4) Sintomi migranti, somatizzazioni, depressioni persistenti. Quando cioè i sintomi cambiano volto nel tempo (oggi insonnia, domani ipocondria, etc.), o quando il corpo “parla” al posto delle parole, spesso il nodo non è un pensiero irrazionale specifico ma un modo di regolare affetti e prossimità. L’attenzione psicoanalitica alla storia emotiva e ai significati taciti può andare più a segno.
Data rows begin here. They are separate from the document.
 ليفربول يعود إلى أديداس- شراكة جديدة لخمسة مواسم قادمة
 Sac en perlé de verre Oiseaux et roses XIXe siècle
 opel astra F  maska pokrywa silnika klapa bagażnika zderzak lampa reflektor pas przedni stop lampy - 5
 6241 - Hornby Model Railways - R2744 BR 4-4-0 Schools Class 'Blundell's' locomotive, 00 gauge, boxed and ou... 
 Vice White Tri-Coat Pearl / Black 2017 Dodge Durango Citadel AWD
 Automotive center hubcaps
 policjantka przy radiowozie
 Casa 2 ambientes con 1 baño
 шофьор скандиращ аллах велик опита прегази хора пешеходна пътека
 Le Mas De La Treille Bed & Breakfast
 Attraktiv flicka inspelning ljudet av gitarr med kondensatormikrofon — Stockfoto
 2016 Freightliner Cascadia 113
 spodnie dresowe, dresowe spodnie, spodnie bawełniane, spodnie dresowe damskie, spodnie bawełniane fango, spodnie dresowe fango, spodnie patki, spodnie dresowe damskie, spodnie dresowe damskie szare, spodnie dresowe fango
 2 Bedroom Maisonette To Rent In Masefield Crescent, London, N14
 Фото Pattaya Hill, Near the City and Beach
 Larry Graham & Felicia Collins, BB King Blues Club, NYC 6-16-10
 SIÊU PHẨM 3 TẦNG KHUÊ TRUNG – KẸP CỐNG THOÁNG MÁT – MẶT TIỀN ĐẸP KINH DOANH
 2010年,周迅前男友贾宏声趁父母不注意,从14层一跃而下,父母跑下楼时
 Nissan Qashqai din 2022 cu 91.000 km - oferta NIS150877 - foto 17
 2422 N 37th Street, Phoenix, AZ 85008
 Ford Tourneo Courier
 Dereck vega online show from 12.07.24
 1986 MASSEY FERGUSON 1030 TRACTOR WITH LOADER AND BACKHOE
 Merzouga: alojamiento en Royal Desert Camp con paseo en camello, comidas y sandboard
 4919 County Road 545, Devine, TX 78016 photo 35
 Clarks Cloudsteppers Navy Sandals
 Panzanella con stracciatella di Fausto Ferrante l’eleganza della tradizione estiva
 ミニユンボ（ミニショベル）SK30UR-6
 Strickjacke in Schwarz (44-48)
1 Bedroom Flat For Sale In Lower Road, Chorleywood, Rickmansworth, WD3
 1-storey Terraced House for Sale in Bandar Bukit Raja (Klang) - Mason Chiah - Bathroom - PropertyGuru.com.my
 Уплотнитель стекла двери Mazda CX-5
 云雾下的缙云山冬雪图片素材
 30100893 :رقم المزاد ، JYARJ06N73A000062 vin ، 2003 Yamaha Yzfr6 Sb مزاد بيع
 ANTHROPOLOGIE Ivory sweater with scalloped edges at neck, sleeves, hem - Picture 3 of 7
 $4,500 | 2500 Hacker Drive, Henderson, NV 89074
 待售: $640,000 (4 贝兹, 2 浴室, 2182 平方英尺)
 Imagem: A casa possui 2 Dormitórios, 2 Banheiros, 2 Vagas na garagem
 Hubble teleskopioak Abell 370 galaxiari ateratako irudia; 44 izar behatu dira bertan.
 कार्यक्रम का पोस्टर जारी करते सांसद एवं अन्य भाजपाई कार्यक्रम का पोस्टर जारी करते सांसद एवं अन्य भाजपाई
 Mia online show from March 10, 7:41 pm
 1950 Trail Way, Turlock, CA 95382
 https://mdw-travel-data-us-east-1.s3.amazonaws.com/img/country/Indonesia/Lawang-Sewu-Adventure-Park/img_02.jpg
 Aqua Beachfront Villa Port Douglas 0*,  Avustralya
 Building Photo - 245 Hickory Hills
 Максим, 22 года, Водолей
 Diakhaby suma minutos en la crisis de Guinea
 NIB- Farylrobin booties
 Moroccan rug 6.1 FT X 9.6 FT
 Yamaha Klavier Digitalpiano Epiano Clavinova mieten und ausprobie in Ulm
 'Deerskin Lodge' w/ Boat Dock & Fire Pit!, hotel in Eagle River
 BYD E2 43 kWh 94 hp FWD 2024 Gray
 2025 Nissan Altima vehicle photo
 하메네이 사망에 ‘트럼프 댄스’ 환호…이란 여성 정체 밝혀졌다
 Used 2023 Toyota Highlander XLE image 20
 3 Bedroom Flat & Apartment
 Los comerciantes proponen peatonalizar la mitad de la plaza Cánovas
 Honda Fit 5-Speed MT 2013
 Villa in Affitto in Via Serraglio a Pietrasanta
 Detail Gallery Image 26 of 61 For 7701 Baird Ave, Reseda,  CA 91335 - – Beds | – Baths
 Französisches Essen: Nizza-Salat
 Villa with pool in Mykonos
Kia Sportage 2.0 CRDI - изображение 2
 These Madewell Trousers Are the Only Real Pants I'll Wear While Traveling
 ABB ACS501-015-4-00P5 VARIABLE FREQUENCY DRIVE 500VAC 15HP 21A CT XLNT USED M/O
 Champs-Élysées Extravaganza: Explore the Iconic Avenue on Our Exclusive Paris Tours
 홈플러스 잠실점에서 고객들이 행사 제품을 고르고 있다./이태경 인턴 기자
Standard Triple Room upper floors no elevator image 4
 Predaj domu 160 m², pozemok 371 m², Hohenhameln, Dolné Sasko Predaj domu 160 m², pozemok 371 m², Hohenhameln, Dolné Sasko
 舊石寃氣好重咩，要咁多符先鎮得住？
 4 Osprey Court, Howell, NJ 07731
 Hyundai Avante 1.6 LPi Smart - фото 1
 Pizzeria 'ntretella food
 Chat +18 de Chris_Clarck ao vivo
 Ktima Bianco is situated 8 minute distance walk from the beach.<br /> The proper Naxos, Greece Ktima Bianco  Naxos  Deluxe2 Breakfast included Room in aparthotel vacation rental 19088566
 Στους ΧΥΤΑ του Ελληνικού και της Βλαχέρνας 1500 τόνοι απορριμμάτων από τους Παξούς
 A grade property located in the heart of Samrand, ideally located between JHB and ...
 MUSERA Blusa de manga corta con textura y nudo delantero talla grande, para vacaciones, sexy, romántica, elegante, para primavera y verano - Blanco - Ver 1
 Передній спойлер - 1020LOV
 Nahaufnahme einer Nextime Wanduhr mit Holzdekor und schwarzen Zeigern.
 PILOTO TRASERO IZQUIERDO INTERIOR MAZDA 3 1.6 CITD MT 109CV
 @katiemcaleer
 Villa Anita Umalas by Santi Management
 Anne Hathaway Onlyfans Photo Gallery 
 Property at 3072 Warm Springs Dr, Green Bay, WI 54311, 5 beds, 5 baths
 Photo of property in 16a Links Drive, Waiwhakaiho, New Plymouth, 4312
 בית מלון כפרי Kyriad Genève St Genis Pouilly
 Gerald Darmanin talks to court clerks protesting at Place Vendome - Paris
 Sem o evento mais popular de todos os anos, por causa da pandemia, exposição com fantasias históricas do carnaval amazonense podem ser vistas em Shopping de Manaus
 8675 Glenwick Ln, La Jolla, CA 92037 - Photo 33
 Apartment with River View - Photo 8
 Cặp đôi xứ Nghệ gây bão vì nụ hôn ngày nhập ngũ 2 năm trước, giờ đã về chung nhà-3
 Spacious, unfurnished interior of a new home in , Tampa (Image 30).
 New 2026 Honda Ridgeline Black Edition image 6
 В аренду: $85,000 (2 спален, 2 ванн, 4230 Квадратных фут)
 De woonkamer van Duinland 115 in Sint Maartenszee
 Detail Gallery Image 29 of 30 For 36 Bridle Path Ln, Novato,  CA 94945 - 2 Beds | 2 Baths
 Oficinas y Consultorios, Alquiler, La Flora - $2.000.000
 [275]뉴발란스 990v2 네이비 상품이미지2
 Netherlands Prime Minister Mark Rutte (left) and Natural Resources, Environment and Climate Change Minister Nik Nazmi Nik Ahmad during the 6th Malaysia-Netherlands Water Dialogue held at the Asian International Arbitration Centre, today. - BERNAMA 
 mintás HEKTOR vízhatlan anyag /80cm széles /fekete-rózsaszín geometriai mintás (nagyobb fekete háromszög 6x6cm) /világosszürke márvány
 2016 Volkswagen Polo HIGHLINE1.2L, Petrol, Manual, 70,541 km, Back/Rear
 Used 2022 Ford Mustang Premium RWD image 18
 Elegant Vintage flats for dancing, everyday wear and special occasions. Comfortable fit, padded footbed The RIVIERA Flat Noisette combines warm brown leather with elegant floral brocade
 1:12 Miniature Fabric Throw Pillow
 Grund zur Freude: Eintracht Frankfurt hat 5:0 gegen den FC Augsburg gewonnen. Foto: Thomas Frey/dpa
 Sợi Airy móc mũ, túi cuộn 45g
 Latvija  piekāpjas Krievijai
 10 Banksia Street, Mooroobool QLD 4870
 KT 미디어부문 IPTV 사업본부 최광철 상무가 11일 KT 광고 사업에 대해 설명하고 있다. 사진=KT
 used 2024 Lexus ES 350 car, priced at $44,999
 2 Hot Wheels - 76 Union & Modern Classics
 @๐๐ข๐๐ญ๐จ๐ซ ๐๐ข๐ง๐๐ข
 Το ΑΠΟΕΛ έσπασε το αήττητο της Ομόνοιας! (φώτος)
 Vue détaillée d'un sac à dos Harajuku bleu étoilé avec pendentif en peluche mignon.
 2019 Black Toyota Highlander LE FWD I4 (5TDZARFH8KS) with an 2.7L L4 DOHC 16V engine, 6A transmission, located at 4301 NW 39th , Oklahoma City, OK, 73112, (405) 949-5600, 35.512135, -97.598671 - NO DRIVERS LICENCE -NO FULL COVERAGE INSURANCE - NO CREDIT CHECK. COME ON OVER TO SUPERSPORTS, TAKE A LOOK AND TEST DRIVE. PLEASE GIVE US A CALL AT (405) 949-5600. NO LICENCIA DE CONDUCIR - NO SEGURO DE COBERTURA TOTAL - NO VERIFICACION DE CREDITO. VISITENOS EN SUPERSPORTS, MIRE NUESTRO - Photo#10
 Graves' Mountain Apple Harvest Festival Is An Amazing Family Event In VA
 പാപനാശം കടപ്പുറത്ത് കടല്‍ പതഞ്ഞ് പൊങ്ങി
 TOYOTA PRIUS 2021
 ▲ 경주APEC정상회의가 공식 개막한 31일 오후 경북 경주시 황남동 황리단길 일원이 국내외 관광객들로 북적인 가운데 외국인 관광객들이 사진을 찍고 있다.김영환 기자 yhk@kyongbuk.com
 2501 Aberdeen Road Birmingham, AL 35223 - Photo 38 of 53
5) Disponibilità al tempo e al lavoro in profondità. La psicoterapia psicoanalitica richiede curiosità per la propria vita interiore, tolleranza dell’ambiguità e investimento per periodi più lunghi della CBT. È adatta a chi non cerca solo la riduzione del sintomo, ma una riorganizzazione del modo di percepirsi e di stare con gli altri. Va da sè che in un’epoca in cui le persone sono sempre alla ricerca del “magic bullett” si finisce spesso per optare su terapie brevi anche quando esse sono francamente controindicate,.

Spiegare quando è maggiormente indicata la CBT è decisamente più facile, dato che per definizione si tratta di un modello terapeutico focalizzato sul problema, e che la CBT si concentra sul trattamento delle distorsioni cognitive e dei comportamenti a queste associati con l’obiettivo di insegnare al paziente strategie di coping maggiormente adattive.

Pertanto, se il problema è circoscritto e ben definito, quali attacchi di panico senza comorbilità complesse, fobie specifiche, insonnia primaria, compulsioni centrate su rituali riconoscibili, un protocollo cognitivo-comportamentale breve e mirato può offrire risultati rapidi e robusti. Anche nei quadri misti ansioso-depressivi, nel DOC, nei disturbi alimentari e nelle dipendenze, moduli CBT (quali ad esempio: psicoeducazione, esposizione, ristrutturazione) possono integrare utilmente un percorso psicoanalitico.

Le domande che io mi pongo di solito quando devo decidere quale terapia consigliare al paziente sono le seguenti:

  • Il paziente chiede soprattutto “come smettere?” o “perché mi succede proprio questo, con queste persone, in questi momenti?”
  • Le difficoltà compaiono in episodi isolati o come stile di vita ripetuto?

  • Prevalgono credenze disfunzionali chiaramente identificabili o vissuti difficili da nominare (vuoto, alienazione, scollamento dal corpo)?

  • C’è disponibilità ad abitare il tempo della scoperta, non solo della tecnica?

Quando la sofferenza riguarda la struttura dell’esperienza—identità, legami, senso di sé e del mondo—la psicoterapia psicoanalitica è spesso la via più feconda. Quando invece il problema è un sintomo bersaglio, delimitato e mantenuto da apprendimenti specifici, la CBT è la scelta più economica ed efficace. Molte volte, il meglio nasce dall’incontro: una mente che si comprende più a fondo e, insieme, apprende nuovi modi di agire.